The good news in all of this, we did find what I think was the weapon the Obcobra was talking about. When the spirits attached themselves to Chonck, the only thing left glowing was the Eater of the Dead’s fangs, which suggests they hold some power. We harvested those and its venom sacs. Once we get back to Caskfire I want to have one of the craftsdwarves put hilts on them. They should make fine daggers.

 

39th of Spring, Year 256

Even with Chonck in a bad way, we are making good time back to Caskfire.

I find myself thinking more and more about what the skeletons outside of the Eater of the Dead’s lair meant. They were worryingly clean, like something meant for display. While the Goblin corpses within its lair were still covered with bits of meat or even hair and armor in some cases.

It seems possible that this is where our friends in White Hall were getting the Goblin corpses they were sending after Rikke’s bandits. I don’t want to borrow trouble, certainly. But if we have cut their access to bodies it could result in any number of reactions. It might be worth keeping an eye on them for the next while.

33rd of Spring, Year 256

I come down with a little case of being poisoned and variably conscious and as soon as we get back to Caskfire I’m ordered to rest until I can walk to the Inn and back without falling over. Not as if I needed it. Worked through worse more than once. More than twice even.

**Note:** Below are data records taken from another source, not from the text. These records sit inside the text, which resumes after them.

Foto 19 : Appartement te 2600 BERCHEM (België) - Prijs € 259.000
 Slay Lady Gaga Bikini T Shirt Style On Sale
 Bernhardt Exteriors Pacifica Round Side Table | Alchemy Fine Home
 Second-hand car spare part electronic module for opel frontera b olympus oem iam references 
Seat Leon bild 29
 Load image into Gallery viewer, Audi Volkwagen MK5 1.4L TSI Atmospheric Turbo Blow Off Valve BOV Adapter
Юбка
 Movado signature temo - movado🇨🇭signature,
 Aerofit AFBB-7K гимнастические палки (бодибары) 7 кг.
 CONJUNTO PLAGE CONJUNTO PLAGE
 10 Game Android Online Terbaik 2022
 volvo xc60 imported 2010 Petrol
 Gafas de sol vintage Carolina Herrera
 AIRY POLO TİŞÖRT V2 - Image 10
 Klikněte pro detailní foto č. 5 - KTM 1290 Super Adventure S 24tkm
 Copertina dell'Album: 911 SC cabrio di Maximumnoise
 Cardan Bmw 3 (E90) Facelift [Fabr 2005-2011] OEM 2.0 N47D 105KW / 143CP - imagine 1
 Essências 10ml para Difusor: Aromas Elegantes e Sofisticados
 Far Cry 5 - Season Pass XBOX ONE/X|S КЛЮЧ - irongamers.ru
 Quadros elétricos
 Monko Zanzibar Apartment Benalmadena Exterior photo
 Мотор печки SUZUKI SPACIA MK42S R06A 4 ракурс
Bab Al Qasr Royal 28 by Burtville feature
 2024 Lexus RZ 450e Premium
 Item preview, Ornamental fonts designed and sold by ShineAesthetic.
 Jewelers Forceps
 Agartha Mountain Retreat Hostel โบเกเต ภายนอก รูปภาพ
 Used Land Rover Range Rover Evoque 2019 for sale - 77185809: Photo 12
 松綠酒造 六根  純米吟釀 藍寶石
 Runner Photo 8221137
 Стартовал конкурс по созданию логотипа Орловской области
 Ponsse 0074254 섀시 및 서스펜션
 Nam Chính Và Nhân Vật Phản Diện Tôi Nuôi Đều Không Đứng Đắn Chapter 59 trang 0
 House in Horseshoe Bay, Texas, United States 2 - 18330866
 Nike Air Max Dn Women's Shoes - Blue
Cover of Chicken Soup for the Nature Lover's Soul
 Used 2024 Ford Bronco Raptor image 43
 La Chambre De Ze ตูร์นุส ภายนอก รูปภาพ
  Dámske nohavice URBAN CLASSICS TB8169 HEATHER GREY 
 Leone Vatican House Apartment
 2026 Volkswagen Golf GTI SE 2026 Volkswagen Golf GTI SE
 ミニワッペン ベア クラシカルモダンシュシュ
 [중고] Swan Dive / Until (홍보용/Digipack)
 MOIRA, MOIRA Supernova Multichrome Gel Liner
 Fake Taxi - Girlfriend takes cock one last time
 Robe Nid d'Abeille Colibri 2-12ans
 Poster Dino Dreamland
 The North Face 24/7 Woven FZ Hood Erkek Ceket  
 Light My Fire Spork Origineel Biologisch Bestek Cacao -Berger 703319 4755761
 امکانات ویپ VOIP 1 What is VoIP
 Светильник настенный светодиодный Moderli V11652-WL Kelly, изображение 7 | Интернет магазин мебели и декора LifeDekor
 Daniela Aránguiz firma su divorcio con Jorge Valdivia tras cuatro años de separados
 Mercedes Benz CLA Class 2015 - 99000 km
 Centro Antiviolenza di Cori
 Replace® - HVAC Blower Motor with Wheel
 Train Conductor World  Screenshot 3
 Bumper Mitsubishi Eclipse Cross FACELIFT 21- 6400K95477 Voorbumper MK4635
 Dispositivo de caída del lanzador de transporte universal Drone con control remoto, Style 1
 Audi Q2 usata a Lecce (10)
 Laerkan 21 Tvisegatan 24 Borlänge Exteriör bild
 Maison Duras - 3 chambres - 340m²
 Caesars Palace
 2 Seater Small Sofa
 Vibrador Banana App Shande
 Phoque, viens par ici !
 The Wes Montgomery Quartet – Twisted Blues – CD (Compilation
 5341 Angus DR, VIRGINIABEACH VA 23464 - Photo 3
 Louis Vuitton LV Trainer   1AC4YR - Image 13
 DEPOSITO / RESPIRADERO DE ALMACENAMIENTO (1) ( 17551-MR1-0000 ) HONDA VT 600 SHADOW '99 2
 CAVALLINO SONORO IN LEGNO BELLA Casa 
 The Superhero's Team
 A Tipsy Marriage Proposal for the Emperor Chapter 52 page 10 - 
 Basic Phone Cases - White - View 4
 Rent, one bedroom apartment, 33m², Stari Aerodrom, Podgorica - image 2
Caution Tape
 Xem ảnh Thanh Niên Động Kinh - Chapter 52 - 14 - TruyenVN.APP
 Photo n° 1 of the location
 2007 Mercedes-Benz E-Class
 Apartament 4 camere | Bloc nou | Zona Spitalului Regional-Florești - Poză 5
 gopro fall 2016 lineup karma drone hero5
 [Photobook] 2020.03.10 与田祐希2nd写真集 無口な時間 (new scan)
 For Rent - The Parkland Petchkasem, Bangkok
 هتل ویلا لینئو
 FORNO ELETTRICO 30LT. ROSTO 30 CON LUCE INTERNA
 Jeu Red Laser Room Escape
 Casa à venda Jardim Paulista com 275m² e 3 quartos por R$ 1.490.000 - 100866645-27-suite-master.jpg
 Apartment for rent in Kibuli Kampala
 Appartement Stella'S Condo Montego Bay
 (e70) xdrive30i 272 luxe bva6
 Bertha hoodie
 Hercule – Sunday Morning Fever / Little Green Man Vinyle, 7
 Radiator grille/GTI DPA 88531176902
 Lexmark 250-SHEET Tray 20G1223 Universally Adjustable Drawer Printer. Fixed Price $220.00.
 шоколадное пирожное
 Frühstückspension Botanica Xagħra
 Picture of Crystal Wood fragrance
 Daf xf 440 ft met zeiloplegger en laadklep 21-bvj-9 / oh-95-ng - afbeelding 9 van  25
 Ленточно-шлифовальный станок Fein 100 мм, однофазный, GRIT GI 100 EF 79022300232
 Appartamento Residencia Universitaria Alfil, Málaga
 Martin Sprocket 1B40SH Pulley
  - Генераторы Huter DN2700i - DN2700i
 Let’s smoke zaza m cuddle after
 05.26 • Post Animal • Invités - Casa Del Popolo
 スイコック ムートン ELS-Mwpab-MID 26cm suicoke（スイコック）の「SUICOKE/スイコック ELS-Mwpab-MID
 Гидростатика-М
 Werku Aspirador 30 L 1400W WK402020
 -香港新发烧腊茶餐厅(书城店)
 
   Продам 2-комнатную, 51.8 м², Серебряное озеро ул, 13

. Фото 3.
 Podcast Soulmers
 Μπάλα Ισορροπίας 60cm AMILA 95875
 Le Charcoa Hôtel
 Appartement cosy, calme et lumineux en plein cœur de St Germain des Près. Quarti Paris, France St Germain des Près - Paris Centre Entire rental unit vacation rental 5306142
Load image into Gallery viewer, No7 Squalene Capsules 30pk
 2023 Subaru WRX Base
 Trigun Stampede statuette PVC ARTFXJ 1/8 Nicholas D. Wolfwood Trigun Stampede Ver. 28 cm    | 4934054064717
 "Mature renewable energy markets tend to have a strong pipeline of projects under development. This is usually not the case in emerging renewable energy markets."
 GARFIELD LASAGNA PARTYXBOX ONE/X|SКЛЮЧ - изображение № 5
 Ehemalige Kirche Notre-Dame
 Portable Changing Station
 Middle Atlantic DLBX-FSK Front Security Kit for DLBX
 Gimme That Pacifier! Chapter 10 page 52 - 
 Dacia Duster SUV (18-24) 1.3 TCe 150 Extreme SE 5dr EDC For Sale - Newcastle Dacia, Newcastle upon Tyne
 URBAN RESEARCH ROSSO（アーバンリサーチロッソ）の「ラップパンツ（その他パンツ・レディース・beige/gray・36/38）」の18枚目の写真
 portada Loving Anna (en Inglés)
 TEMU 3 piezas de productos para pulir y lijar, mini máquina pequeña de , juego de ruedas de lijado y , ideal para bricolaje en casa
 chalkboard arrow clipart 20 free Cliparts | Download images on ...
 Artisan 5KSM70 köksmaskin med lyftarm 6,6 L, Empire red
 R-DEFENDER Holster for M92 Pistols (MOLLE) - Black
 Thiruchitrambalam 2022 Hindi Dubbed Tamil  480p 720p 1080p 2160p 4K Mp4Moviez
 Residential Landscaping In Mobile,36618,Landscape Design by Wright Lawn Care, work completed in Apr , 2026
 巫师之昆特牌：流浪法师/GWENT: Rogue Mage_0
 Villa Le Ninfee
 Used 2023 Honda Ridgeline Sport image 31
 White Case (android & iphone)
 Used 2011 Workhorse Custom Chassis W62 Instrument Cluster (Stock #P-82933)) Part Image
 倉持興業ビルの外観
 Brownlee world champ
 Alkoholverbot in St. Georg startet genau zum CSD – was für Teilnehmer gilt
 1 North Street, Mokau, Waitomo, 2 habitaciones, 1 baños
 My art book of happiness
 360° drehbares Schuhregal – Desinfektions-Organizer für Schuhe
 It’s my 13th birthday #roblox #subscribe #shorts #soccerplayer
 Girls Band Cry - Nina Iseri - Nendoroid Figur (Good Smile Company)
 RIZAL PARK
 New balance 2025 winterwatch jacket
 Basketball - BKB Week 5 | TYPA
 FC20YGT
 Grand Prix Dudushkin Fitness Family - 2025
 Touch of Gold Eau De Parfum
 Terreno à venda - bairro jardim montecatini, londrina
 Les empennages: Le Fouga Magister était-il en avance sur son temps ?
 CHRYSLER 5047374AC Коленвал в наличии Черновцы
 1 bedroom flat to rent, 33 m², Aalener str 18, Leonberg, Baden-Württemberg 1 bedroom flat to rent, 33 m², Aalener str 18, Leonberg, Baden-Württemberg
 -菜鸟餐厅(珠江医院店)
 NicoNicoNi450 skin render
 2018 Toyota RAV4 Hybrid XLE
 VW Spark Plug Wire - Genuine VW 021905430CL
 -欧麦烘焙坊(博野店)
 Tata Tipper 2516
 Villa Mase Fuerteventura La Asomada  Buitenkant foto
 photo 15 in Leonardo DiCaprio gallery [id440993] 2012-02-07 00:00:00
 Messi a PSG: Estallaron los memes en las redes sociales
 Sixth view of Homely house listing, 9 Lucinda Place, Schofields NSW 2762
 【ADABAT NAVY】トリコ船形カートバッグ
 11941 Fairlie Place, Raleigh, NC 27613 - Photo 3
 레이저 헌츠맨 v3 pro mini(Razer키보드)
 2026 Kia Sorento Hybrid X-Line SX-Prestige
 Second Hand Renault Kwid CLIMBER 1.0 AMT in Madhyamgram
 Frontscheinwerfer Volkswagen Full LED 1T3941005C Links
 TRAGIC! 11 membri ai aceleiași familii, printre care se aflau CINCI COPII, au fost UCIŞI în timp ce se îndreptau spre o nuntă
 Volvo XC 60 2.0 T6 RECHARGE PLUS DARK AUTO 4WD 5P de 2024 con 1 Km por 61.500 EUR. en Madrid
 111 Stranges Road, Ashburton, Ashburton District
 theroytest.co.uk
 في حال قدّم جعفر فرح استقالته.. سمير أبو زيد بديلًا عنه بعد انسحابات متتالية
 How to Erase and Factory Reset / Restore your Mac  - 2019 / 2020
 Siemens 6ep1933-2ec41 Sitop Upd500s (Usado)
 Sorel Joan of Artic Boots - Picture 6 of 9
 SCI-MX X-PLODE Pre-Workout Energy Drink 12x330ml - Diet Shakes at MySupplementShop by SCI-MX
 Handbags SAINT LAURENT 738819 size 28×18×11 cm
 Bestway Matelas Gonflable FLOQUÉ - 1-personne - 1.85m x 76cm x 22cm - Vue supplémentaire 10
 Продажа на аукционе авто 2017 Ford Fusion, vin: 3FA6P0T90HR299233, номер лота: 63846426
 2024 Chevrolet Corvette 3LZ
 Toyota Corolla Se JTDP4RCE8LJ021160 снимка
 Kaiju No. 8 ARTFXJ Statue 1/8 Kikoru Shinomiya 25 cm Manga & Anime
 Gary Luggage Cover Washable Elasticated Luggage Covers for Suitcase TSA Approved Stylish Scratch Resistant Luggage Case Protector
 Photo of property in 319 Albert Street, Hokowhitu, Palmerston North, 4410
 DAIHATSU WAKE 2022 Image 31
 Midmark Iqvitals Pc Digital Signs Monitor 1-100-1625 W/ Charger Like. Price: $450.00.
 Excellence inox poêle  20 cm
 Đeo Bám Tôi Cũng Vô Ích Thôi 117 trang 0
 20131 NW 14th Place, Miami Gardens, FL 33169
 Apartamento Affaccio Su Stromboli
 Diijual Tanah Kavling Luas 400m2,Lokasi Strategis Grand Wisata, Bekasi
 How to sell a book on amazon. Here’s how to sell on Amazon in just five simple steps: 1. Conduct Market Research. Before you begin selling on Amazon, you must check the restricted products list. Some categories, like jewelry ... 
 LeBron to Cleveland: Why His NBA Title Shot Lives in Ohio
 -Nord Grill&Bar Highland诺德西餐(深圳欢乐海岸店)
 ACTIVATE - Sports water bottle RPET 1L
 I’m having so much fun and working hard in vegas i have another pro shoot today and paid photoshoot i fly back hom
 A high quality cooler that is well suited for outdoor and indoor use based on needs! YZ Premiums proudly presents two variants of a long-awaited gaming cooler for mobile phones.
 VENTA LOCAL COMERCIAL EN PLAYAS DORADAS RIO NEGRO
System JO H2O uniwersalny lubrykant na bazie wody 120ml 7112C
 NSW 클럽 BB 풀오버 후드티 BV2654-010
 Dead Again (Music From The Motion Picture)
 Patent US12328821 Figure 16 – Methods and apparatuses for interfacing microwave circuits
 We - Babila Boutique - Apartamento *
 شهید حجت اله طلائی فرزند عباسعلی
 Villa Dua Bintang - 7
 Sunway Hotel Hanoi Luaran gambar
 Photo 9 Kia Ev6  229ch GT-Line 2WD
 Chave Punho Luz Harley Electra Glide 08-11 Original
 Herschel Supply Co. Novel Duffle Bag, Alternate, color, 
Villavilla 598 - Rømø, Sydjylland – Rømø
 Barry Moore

Not like making notes for an improved map, or even improving an existing map, would tire me out so badly the poison would take me and I would waste away.

But the elf made herself useful and figured out what the poison was. Some root the Goblins grind up.A paralytic of some sort, apparently. The elf also kept saying something about it being fun if it can be diluted enough. I question that, but between her and Eclair it seems likely to turn up again sooner than later.

Hopefully not in my morning beer.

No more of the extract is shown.